[RECORDED DATA]:
------------------------------------------------
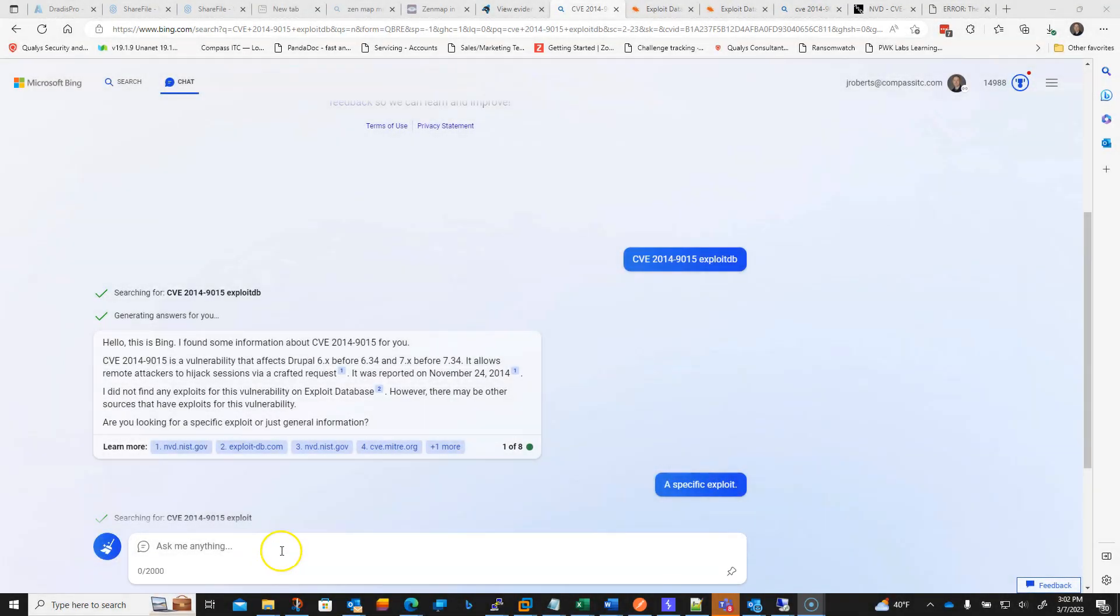Hey everybody, Jesse Roberts, SVP of cybersecurity over at Compass IT Compliance.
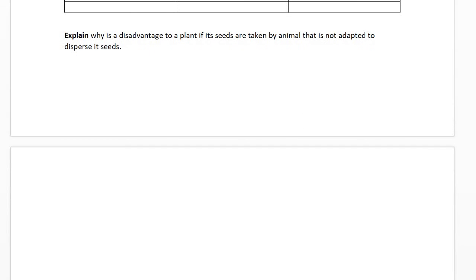Why is it a disadvantage to a plant if seeds are taken by animals that are not adapted to disperse them? Because the seed could get eaten or damaged by that animal — it won't have the adaptations to support effective dispersal. For example, certain seeds have a tough outer coating protective against the digestive system of the animal they're adapted to be eaten by. If eaten by something else, that seed coating could be destroyed, meaning the seed is never actually dispersed. Organisms not adapted to disperse seeds are more likely to damage them, reducing effective seed dispersal.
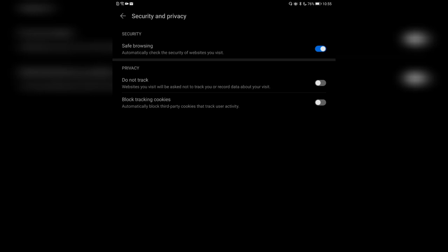On the other side, it will send a request to Huawei's service to check if the website is in the database of malicious sites, so Huawei could potentially get a list of websites you are browsing. You can turn it off if you are privacy-focused. 'Do not track' will ask websites not to track or record data about your visit — also a very good option.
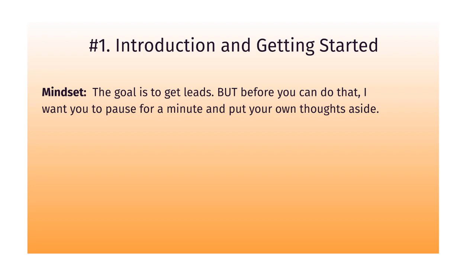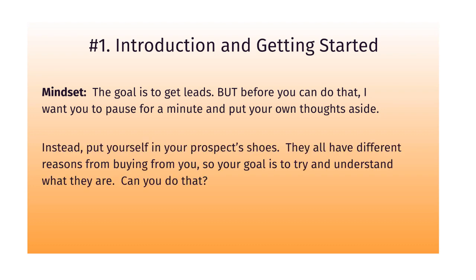Instead, I want you to put yourself in your prospect's shoes. They all have very different reasons for buying from you, so your goal at the end of the day is to try to understand what they are. Can you do that? Go ahead and pause right now and get into that mindset.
------------------------------------------------
[WHAT THIS TASK INVOLVES]:
Output a faithful copy of the data, with each picture left out.

[PROBLEM SOLUTION]:
Hey everybody, Jesse Roberts, SVP of cybersecurity over at Compass IT Compliance.
Why is it a disadvantage to a plant if seeds are taken by animals that are not adapted to disperse them? Because the seed could get eaten or damaged by that animal — it won't have the adaptations to support effective dispersal. For example, certain seeds have a tough outer coating protective against the digestive system of the animal they're adapted to be eaten by. If eaten by something else, that seed coating could be destroyed, meaning the seed is never actually dispersed. Organisms not adapted to disperse seeds are more likely to damage them, reducing effective seed dispersal.
On the other side, it will send a request to Huawei's service to check if the website is in the database of malicious sites, so Huawei could potentially get a list of websites you are browsing. You can turn it off if you are privacy-focused. 'Do not track' will ask websites not to track or record data about your visit — also a very good option.
Instead, I want you to put yourself in your prospect's shoes. They all have very different reasons for buying from you, so your goal at the end of the day is to try to understand what they are. Can you do that? Go ahead and pause right now and get into that mindset.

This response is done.